Aided by the availability of vast amounts of data computing resources, machine learning (ML) has made big strides. The financial industry, which at its heart is an information processing enterprise, holds an enormous amount of opportunity for the deployment of these new technologies.
Machine Learning for Finance is a practical guide to modern ML applied in the financial industry. This book is not only about investing or trading in the finance sector; it's much more as a direct result of the love story between computers and finance. Investment firms have customers, often insurance firms or pension funds, and these firms are financial services companies themselves and, in turn, also have customers, everyday people that have a pension or are insured.
Let’s see what Jannes has to say about finance industry challenges and how machine learning can help solve them:
Tell us a little bit about your book, Machine Learning for Finance? What were your goals and intentions when writing it? What makes this book necessary? What gap does it fill?
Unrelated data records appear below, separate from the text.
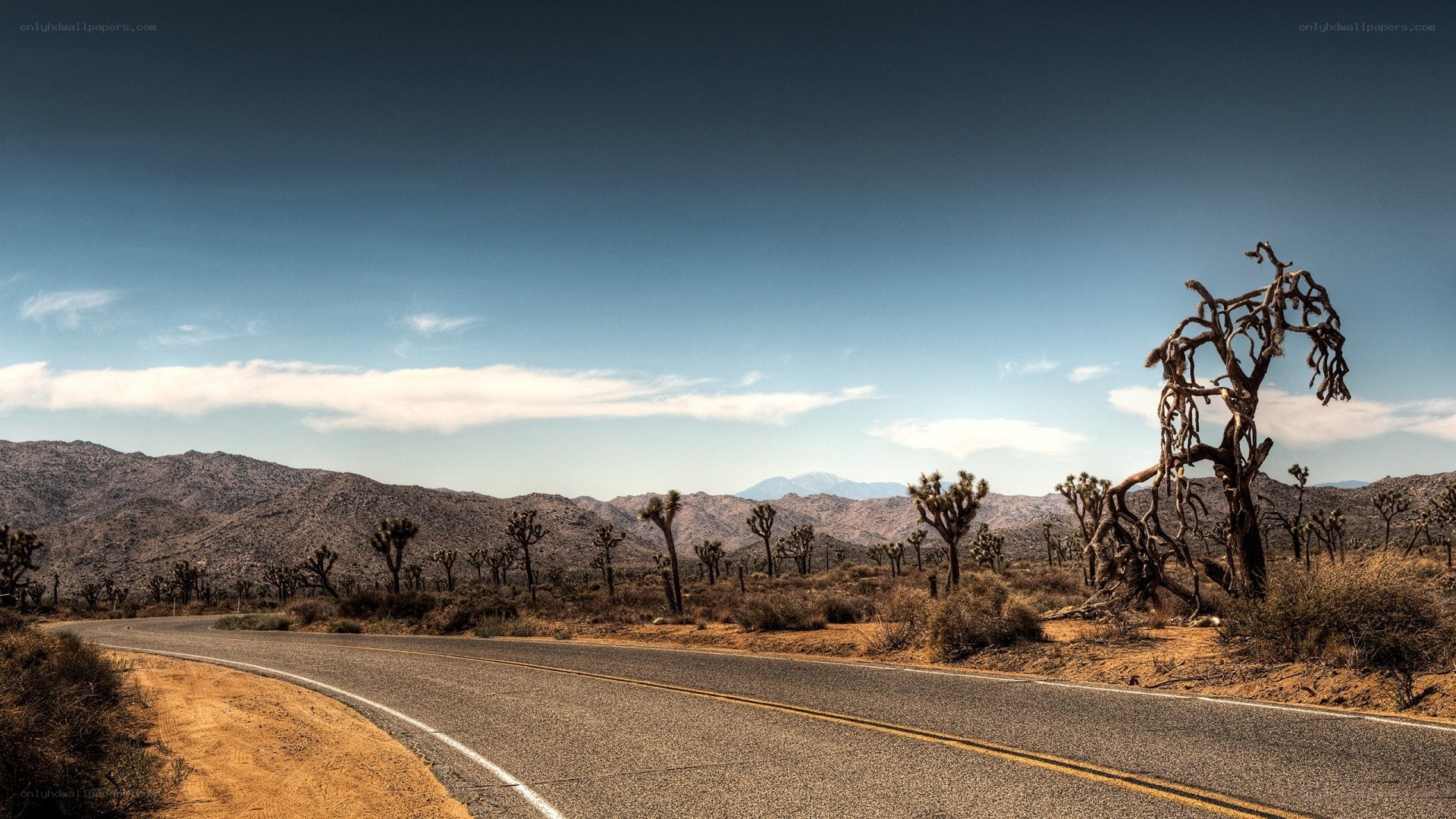 Desert road with Joshua trees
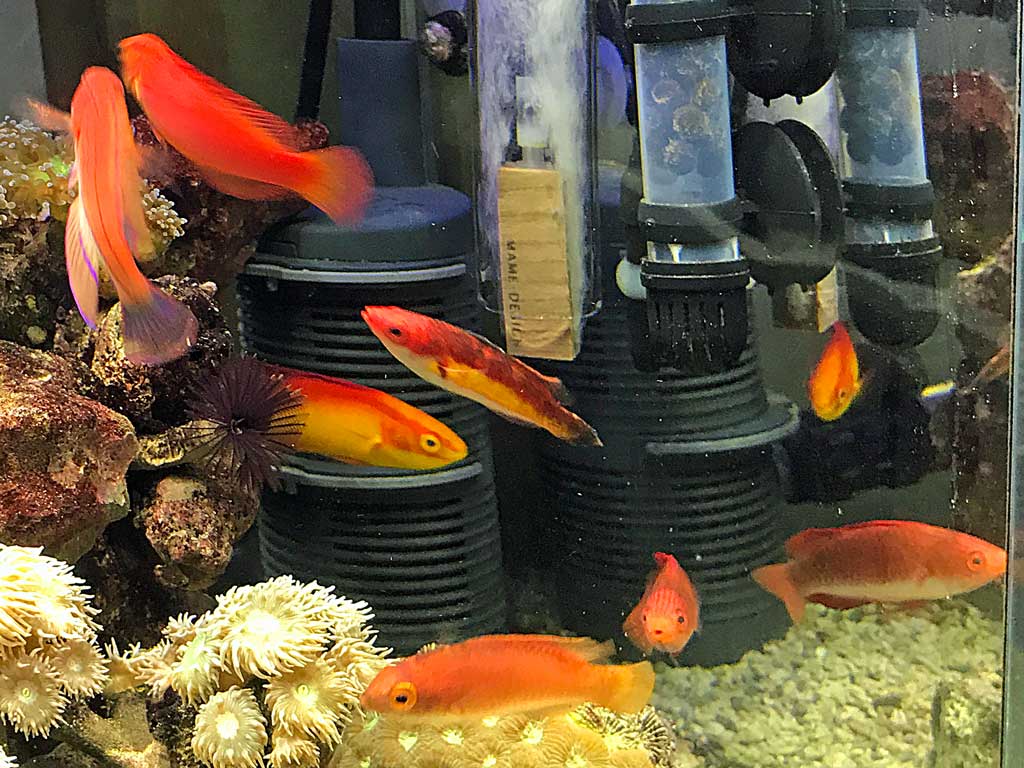 ベラ好きが止まらない 湘南水族館 犬バカの魚好き 楽天ブログ ベラ好きが止まらない 湘南水族館 犬バカの魚好き 楽天ブログ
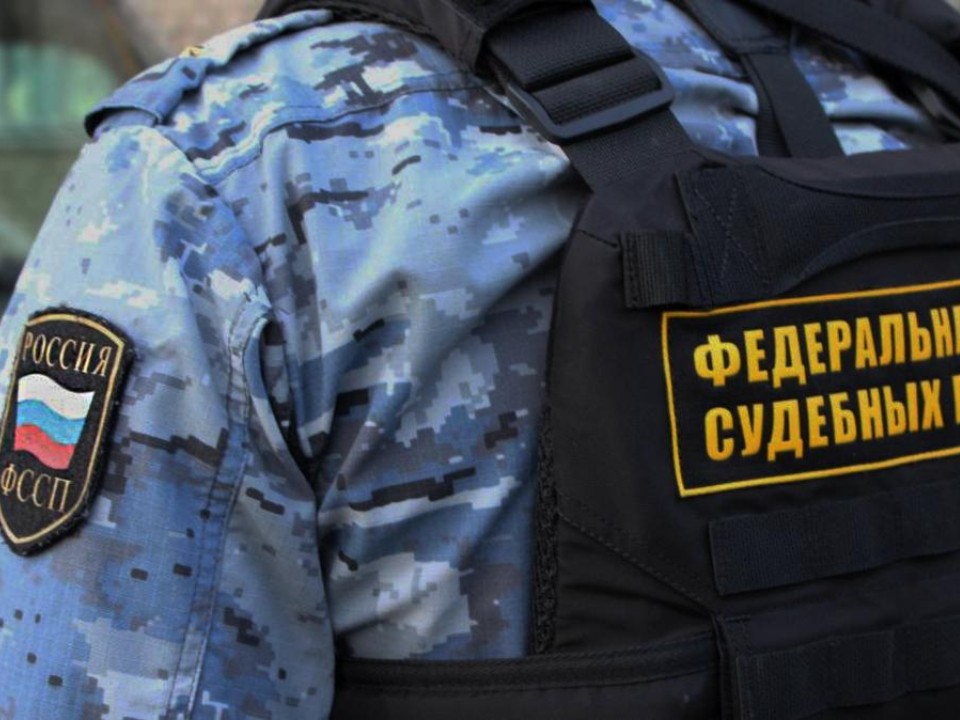 Приставы изъяли 100 земельных участков у осужденного за взятку жителя Подмосковья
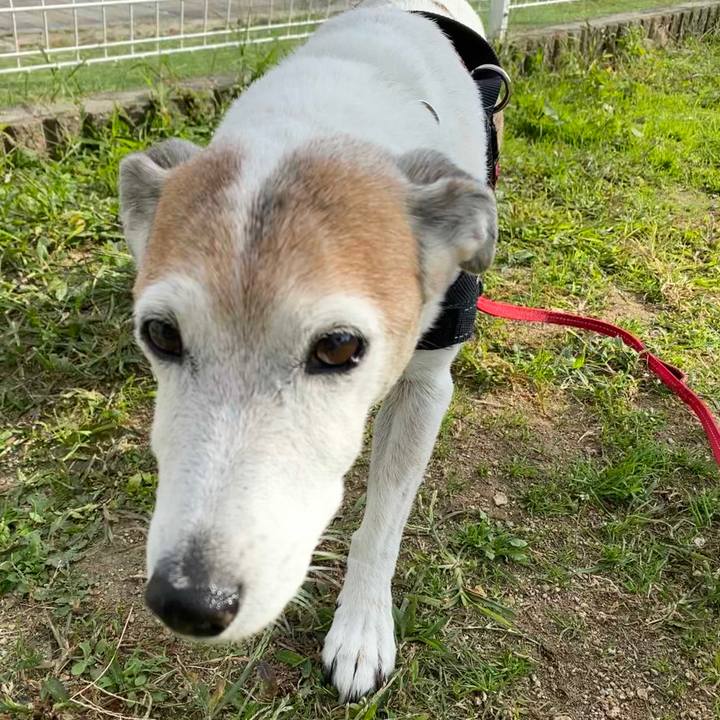 9febf4ee 0a95 455a 89d9 565f9376d407 1604188338298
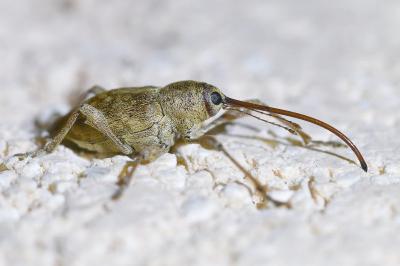 <i>Curculio elephas</i>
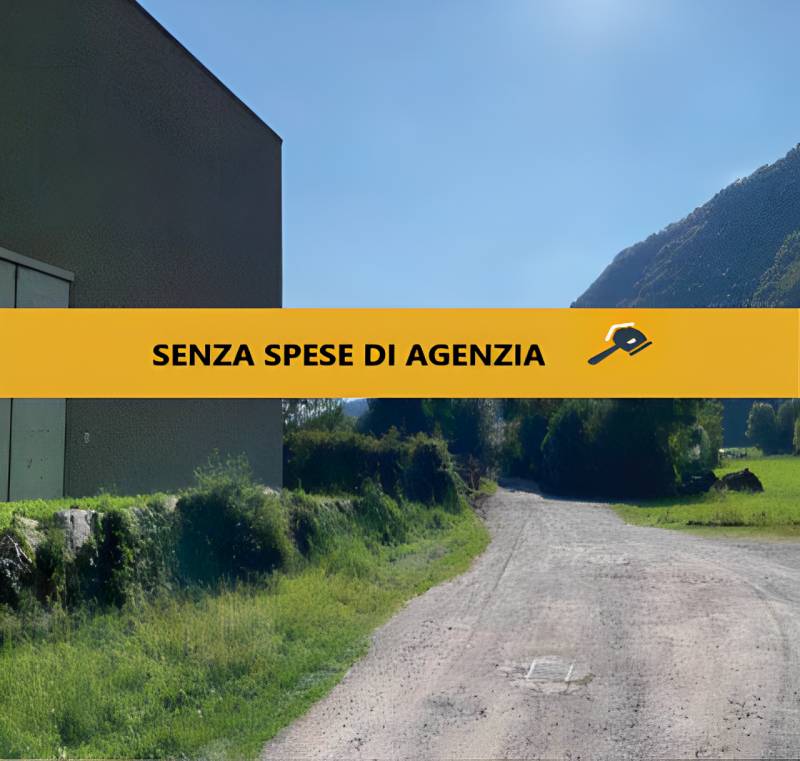 immagine annuncio 1 di 9
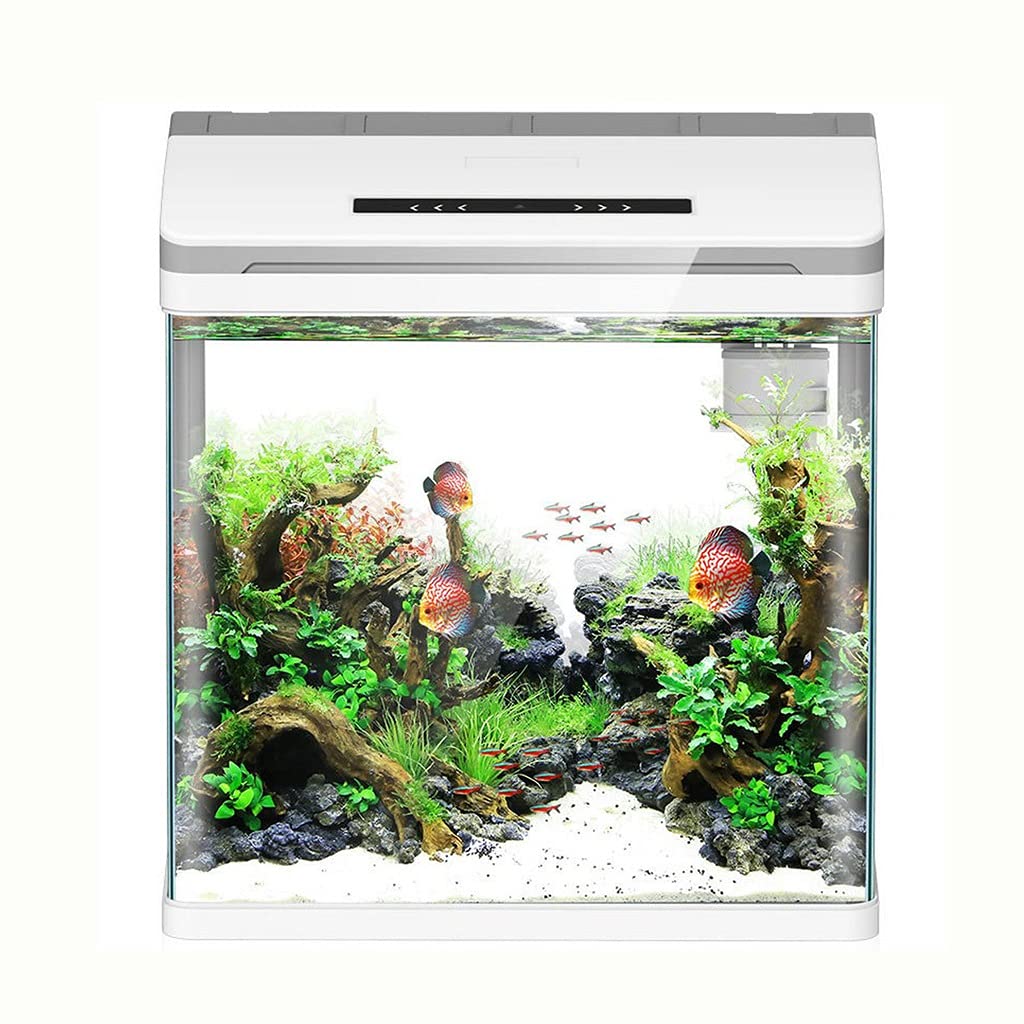 Mini Smart Betta Fish Tank - Self-Circulating Desktop Aquarium for Home & Office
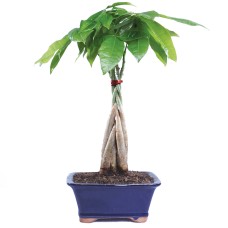 Braided Money Tree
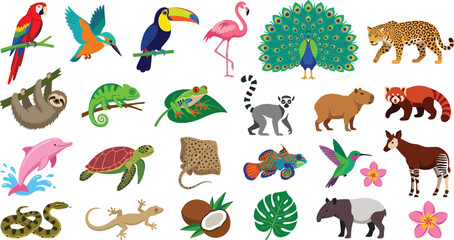 Naklejka premium Tropical Wildlife Illustration Set with Colorful Parrot, Toucan, Peacock, Flamingo, Leopard, Sloth, Chameleon, Turtle, Hummingbird, and Exotic Animals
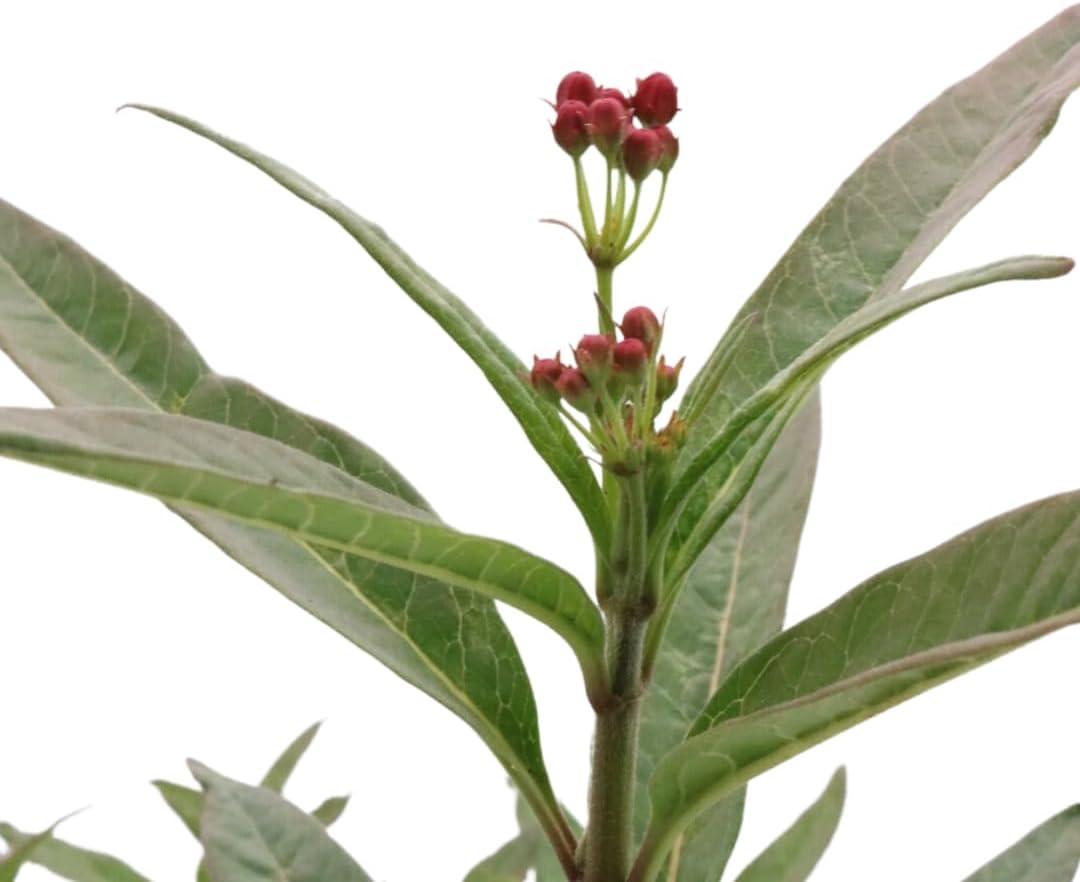 American Plant Exchange Tropical Red Milkweed, A. Curassavica, 6-Inch Pot, Flowering Live Plant, Perfect for Butterfly Gardens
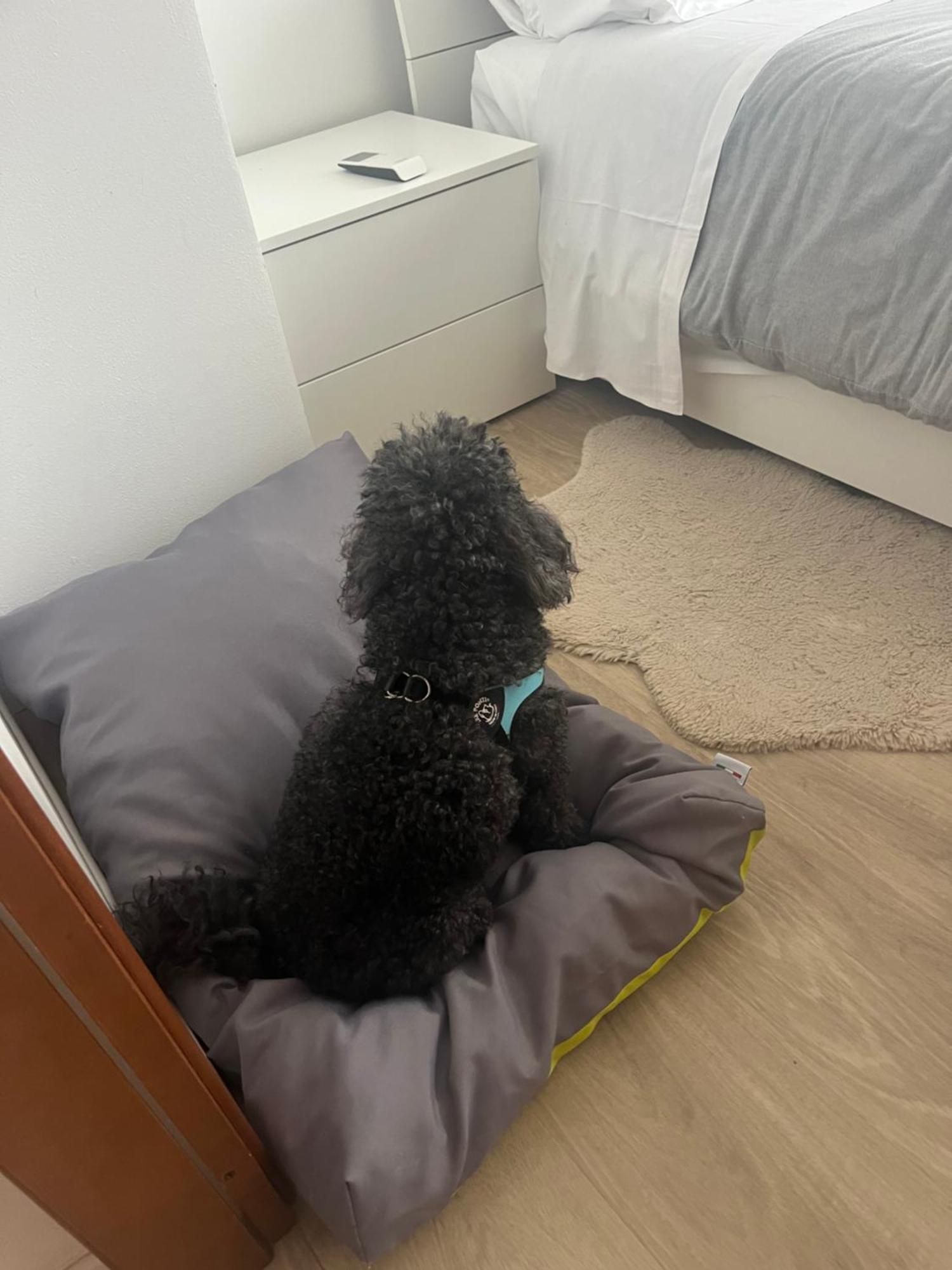 Sirmionerooms Luxury
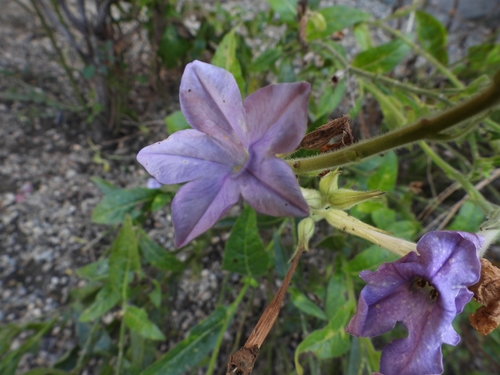 Garden Tobacco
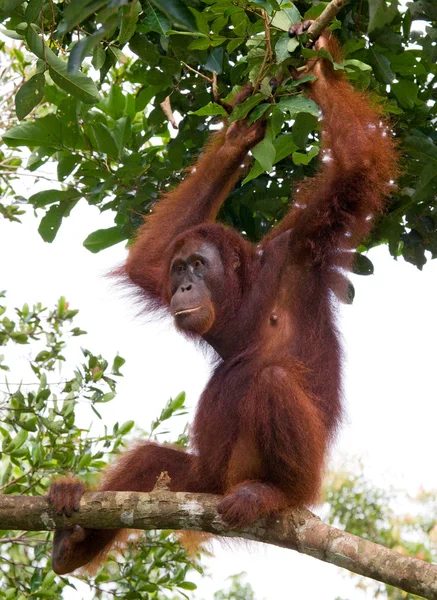 Egy orángután-Indonézia. — Stock Fotó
Jannes Klaas: The book is by no means a complete guide to everything you might want to possibly know, but it is a practice-driven introduction that will leave the reader with some ready-to-use skills. After reading only a few chapters, readers will be able to use their new skills in their professional work. This approach differentiates the book from much of the very theory-driven literature that traditionally dominates quant finance. When I started writing this book, I felt that there was a disconnect between what many people who were doing ML knew and what many people who were doing finance knew. I saw many ML experts creating “financial models” that were worse than useless from a finance perspective. At the same time, many financial practitioners had no idea of what was happening to their field. They were worried that the days of excel spreadsheets were over and that their skills would be outdated. And they were right about that. But they did not have a straightforward way to get an overview of the brave new world they found themselves in and acquire some essential skills. There was and still is a gap of understanding, and both sides need to upskill to make the most out of the opportunity that lies in front of us. I am hoping to address the gap and contribute a little bit to the furthering of the financial profession.
What are the different ML approaches in finance? Which approach do you prefer for mapping and resolving a problem and why?
JK: Depending on the task, there are a lot of different methods. So, no single approach clearly dominates. The first question to ask here is whether you want to do supervised, unsupervised, or reinforcement learning. If you have labels, that is, you know what the true prediction should have been for your training data, then a supervised approach is usually the best. Supervised learning is where most of the commercial value lies and is usually the go-to approach for anything that concerns predictions. Unsupervised learning allows you to gather insight from your data if you don’t have labels. For instance, you might be interested in finding common factors that drive stock prices. You don’t know which factors are there or even how many, so you can use an unsupervised approach to get some insight. Reinforcement learning does not require labels, but it requires some reward signal. Say, you are interested in an optimal hedging strategy. Once again, you have no idea what the optimal strategy would have been, but you do know if you made or lost money. So you can use this knowledge as a reward signal and train the algorithm to maximize it.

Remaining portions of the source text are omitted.